Put your chart on 11 range and see the trades you took and did not take and see if there was any different with the end results.
1.
Looking at the charts, I noticed that there are many times that trades would have worked out well if you had waited until the consolidation dots stopped plotting before entering your trade. That is something you might want to consider.
2. You may want to consider changing your stepma tenth pip setting from 7 to 8. If you are using Stepma jog as an entry trigger, you may find that the 8 setting keeps the line flat during quick moves up and down. You may also want to look at 9 or 10 setting.
Did any of your indicators tell you to exit? If so, are these the right indicators to be using? Should you even use indicators at all?
If not (indicators did not say exit), did you exit in accordance with your trading plan and your money management plan, or did you exit by the seat of your pants based on your gut feeling/emotion?
I think the answers to almost everything can be covered by answering those questions and learning from it.
For example, exiting based on gut/emotion is a no no. Don't do it. If you do it, you are stupid. Find a way to not do it, or stop trading now and give me all your money.
Exiting based on money management and trading plan, regardless of any indicators, is acceptable. The rule would be to follow your plan. Measure yourself on how well you followed the plan, not by on the net profit of your trades.

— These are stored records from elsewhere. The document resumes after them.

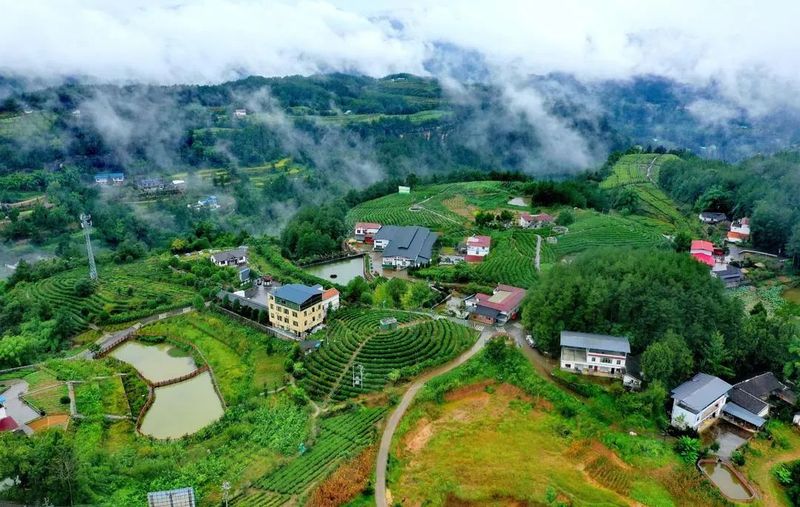 有关于旺苍 “三向发力”助力“茶叶”变“茶业”的资讯(9)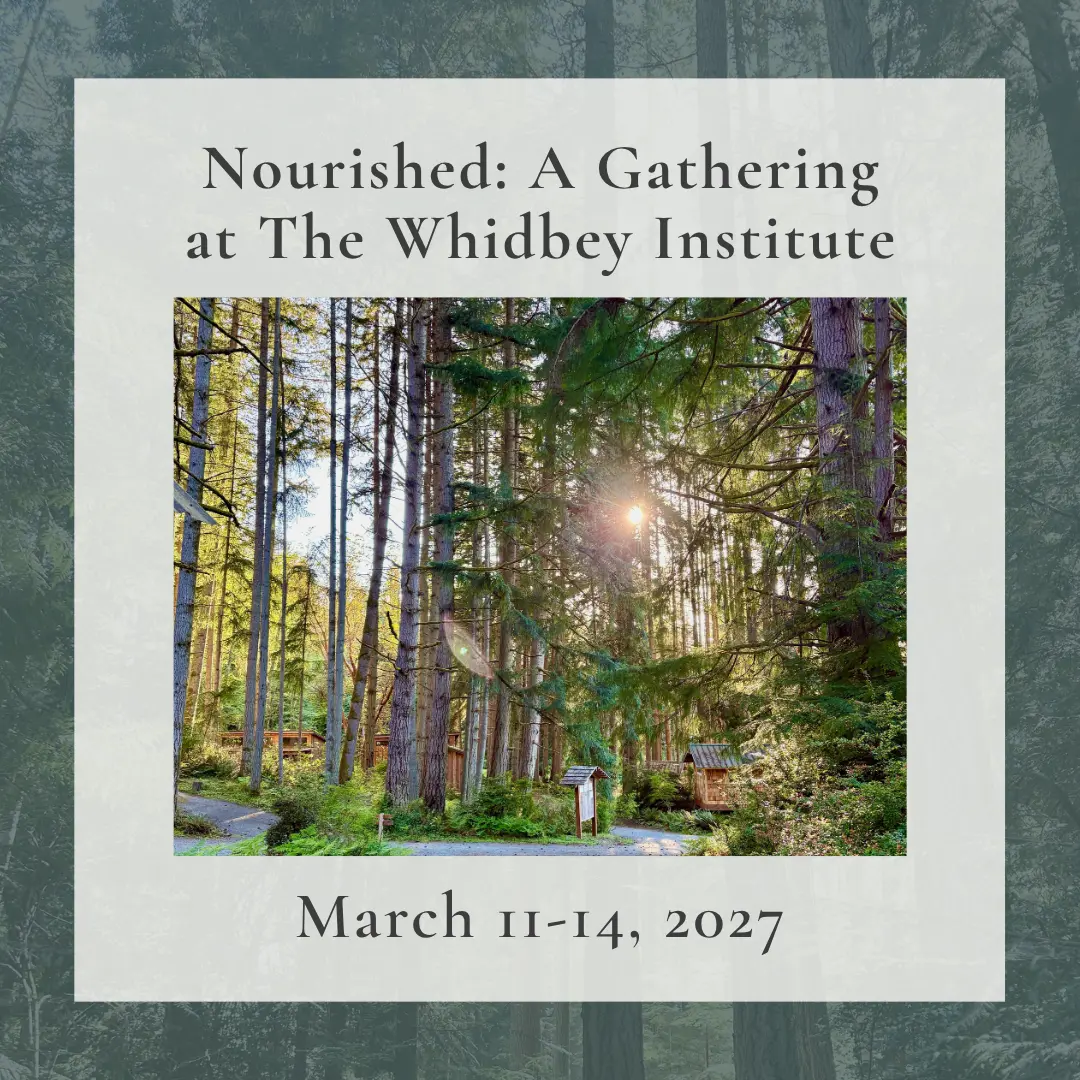 Nourished: A Gathering at The Whidbey Institute, March 11-14, 2027. Sunlight through tall evergreen trees on the Whidbey Institute campus.
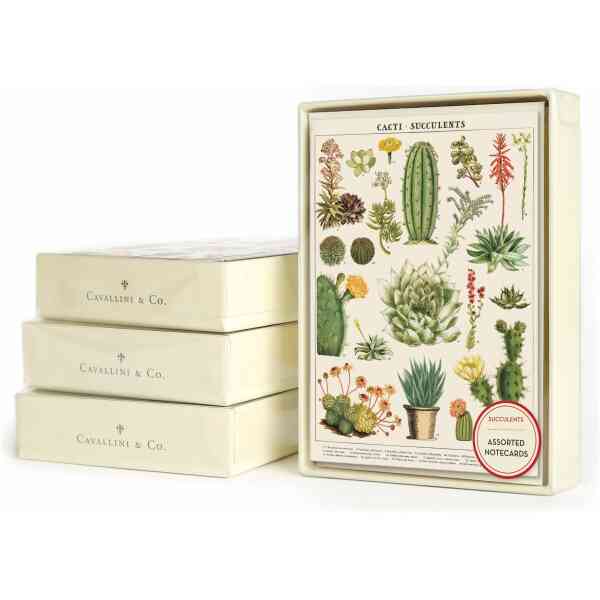 Boxed Notecards - Cacti . Succulents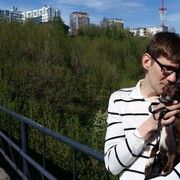 ���������� �����, ���� ������� Denis, 38 ���, ������������ ��� ������, ����� � ���������, c�������� ���������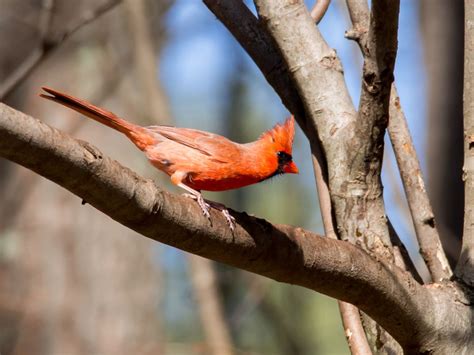 Young Male Northern Cardinal Ready To Take Off Smithsonian Photo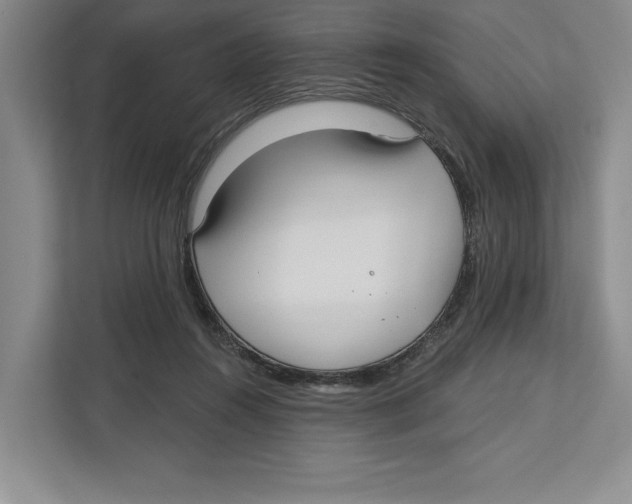 X0000112480360200909141148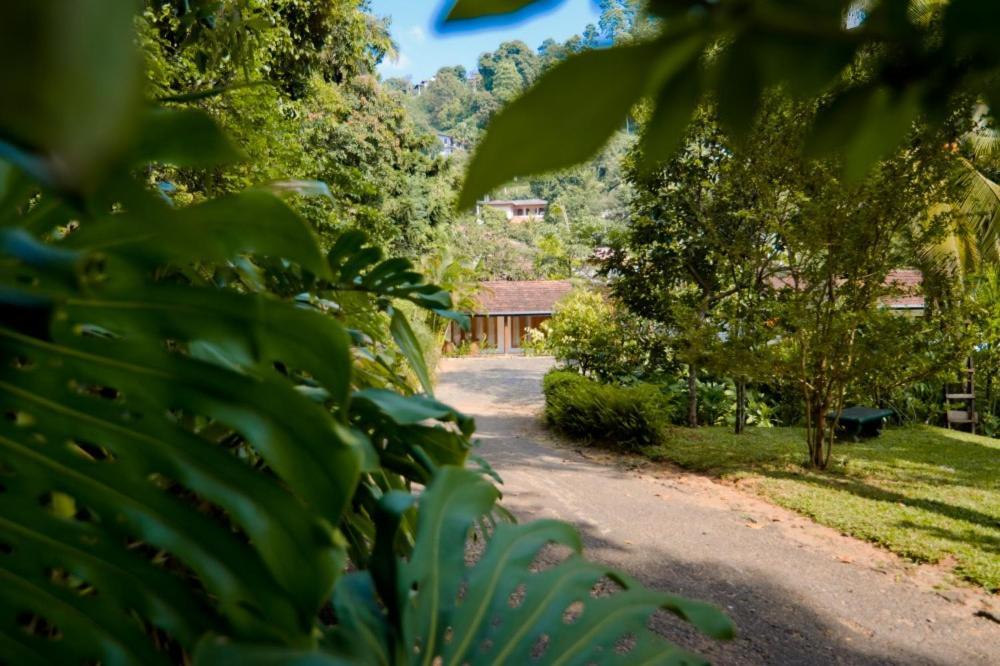 Clove Garden Kandy Dış mekan fotoğraf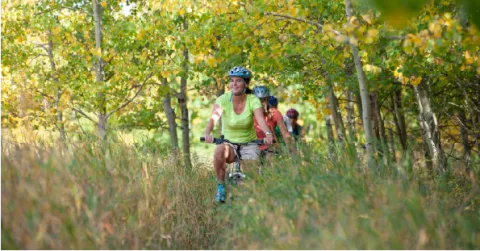 Group of cyclists riding along a narrow trail through a leafy woodland in early autumn.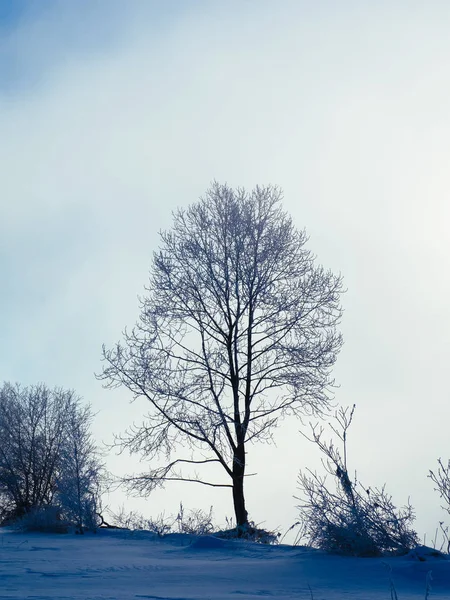 Mráz, které strom v hokkaido — Stock fotografie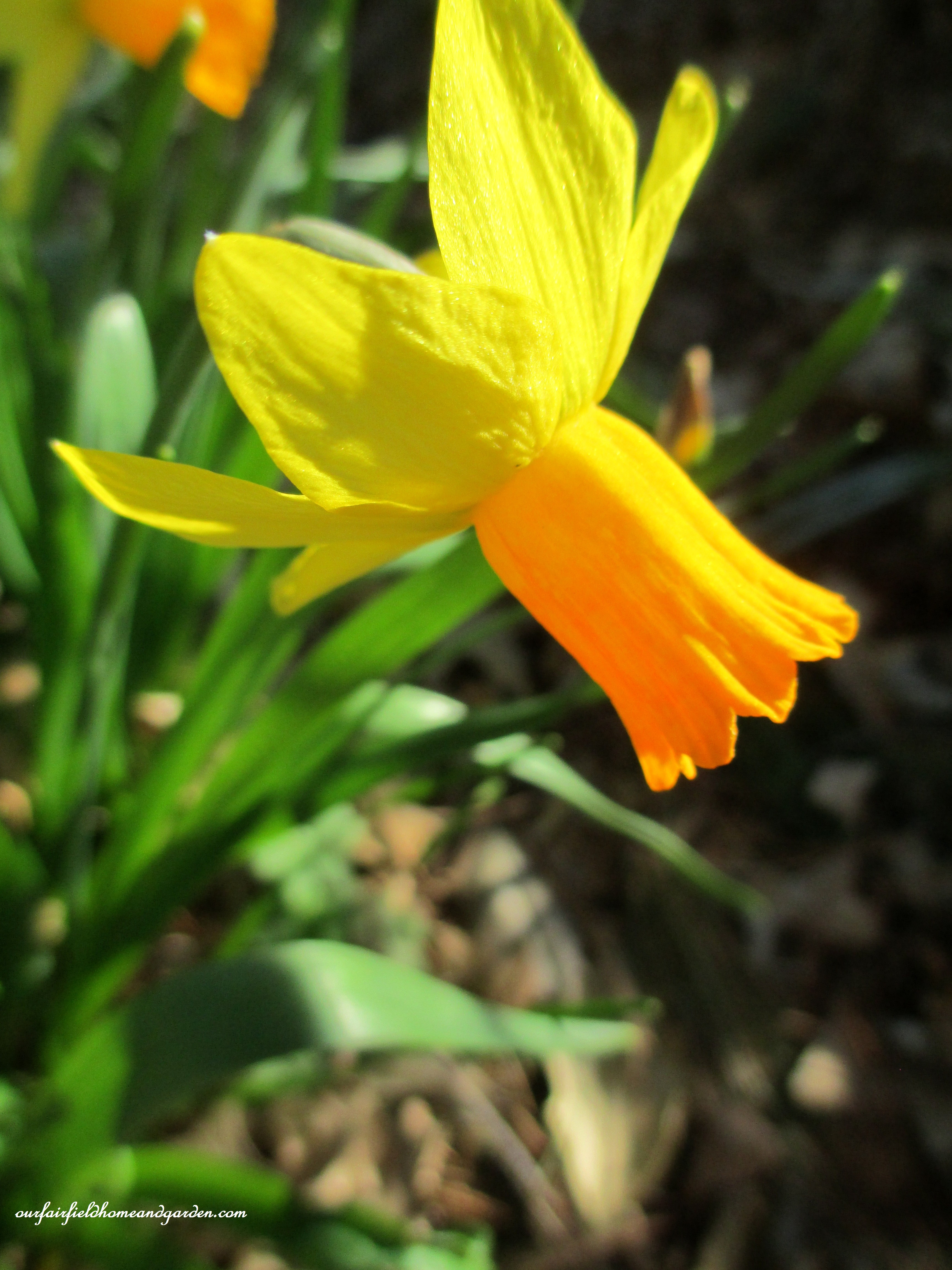 narcissus https://lolajack-global.jp.net/signs-of-spring-at-our-fairfield-home-garden/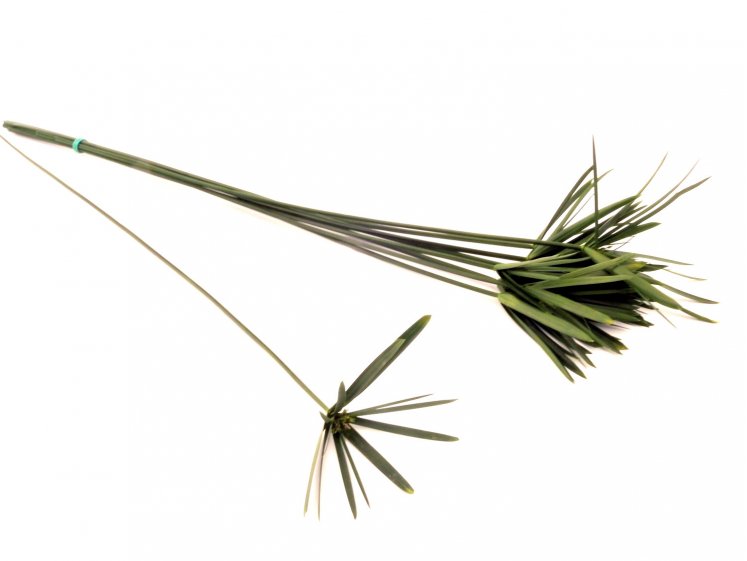 Stabilizuoti papyrus lapai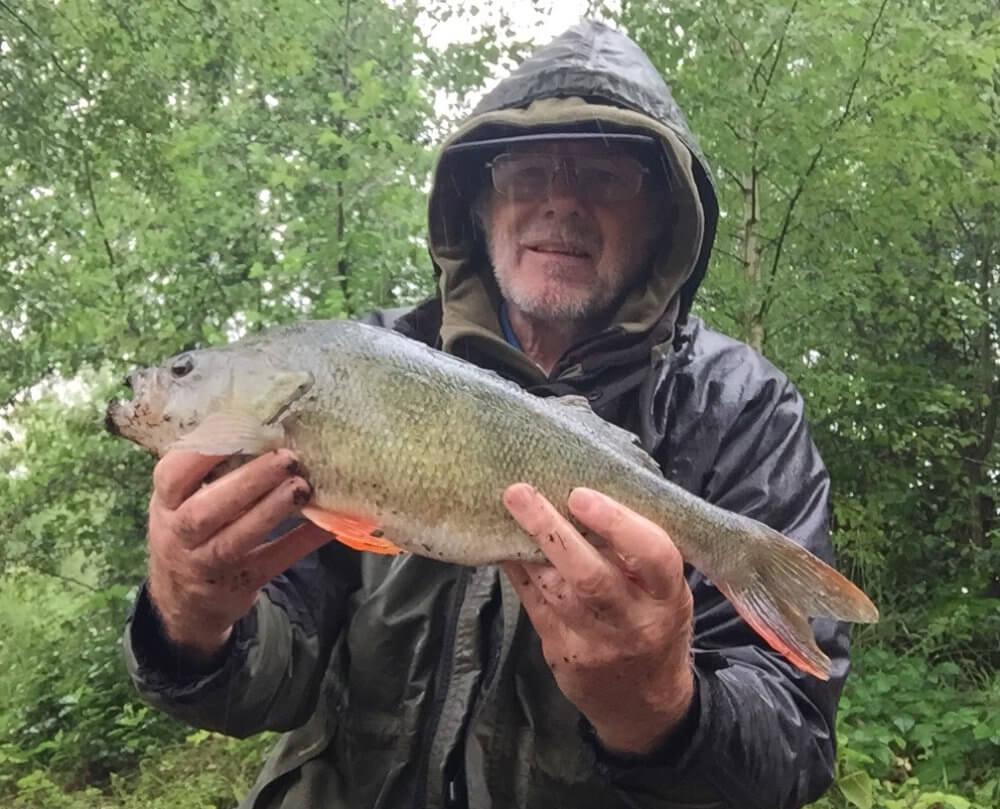 Slightly damp but a 2lb 2oz perch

After some time, you'll be able to prove/disprove your plan as a good one or bad one based on actual profitability of it.
Exiting based on indicators might possibly make sense, but is an extremely dangerous game. Indicators are the devil to most inexperienced traders. They are trickery and illusion. You would do well not to use them at all until you are a profitable trader, then you can start adding them to further refine profits. Now if you are more disciplined than 95% of your peers, you can establish clear guidelines in your trading plan that are not necessarily about money management but instead about indicator values (rising, falling, over 80, below 20, that stuff). Then follow them. But for most people this won't work because they can't do it or they've chosen the wrong type of indicators. But mainly because they can't do it.
I agree about indicators. in my ES trading I only use one price-based indicator (sine wave). This is one reason I was interested in this CL strategy because I believed that one couldn't be successful trading off indicators but people were having success with it so I wanted to check it out.
I also agree about the importance of a trading plan. I have and use one for my ES trading. I see two ways to make a trading plan:
- play around with an idea to get an idea of what works and doesn't work and then when you get something that looks like it'll work, write out the rules and then test them and update them as necessary.
- write out a trading plan, trade it, and update it as necessary
I prefer the first method, which can be done with manual backtesting or trading real time on sim. It gets you familiar with everything before getting into the formal phase. It sounds like you prefer the second method. It would be interesting to discuss the advantages and disadvantages of each method (in another thread) as I'm interested in the idea of writing the plan first.
In my experience, exits are the most difficult part of a system and are often the least discussed. People are quick to point out where one could get a good entry but then never mention where would be the best place to get out. That's ok, I like to find the best exit but it's through trial and error.
You are correct, exits are more important than entries. Afterall, only the exit will control the outcome of the entire trade, yet no one discusses them just like no one discusses money management. I believe the reasons for this are self-evident: people consumed by indicators are also consumed by entries (earlier, faster, quicker) and these same people make up the majority.
The majority of people trading lose money. And it is becoming more clear to me that regardless of how hard one tries to help or teach fellow traders how to not lose money, it is like most things in life where experience is the only real way to learn.
If you start a new thread to specifically discuss these theories, I look forward to it.